◆ EXERCISE ◆
Using the data that follows, output only the lines from the line with "Clicking the Add Else hyperlink" up to and including the line with "Change the working", exactly, leaving pictures aside.

◆ RAW DATA ◆
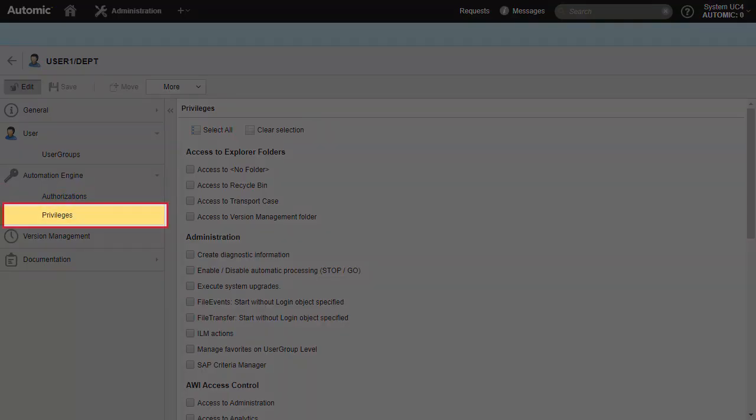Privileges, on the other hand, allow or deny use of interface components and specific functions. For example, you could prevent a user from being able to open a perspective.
==
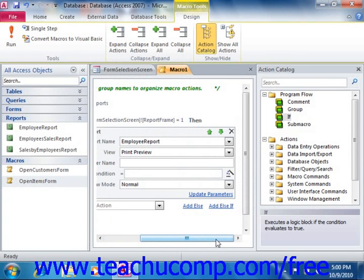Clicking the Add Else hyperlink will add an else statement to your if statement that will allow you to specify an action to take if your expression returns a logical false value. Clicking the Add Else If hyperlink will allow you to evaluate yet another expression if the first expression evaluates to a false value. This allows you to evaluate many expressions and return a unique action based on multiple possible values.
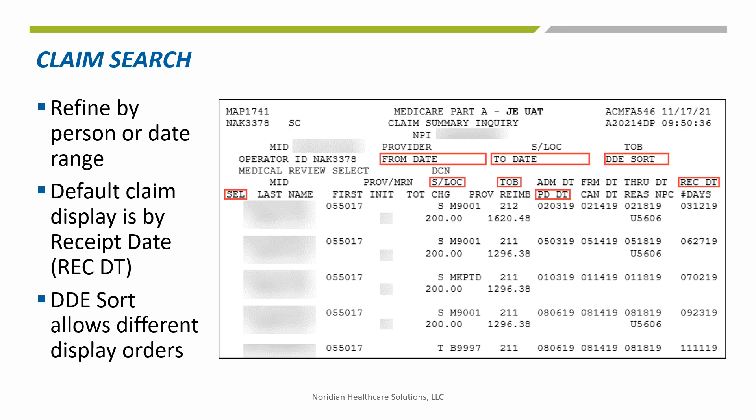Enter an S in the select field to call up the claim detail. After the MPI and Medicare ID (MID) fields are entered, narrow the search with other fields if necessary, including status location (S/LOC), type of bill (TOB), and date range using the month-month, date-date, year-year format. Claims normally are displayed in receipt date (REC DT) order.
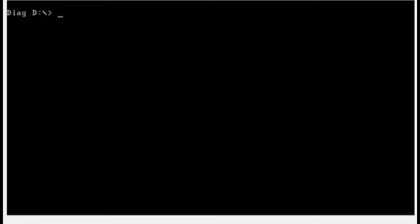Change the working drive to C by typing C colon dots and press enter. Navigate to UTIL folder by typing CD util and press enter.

◆ ANSWER BOX ◆
Clicking the Add Else hyperlink will add an else statement to your if statement that will allow you to specify an action to take if your expression returns a logical false value. Clicking the Add Else If hyperlink will allow you to evaluate yet another expression if the first expression evaluates to a false value. This allows you to evaluate many expressions and return a unique action based on multiple possible values.
Enter an S in the select field to call up the claim detail. After the MPI and Medicare ID (MID) fields are entered, narrow the search with other fields if necessary, including status location (S/LOC), type of bill (TOB), and date range using the month-month, date-date, year-year format. Claims normally are displayed in receipt date (REC DT) order.
Change the working drive to C by typing C colon dots and press enter. Navigate to UTIL folder by typing CD util and press enter.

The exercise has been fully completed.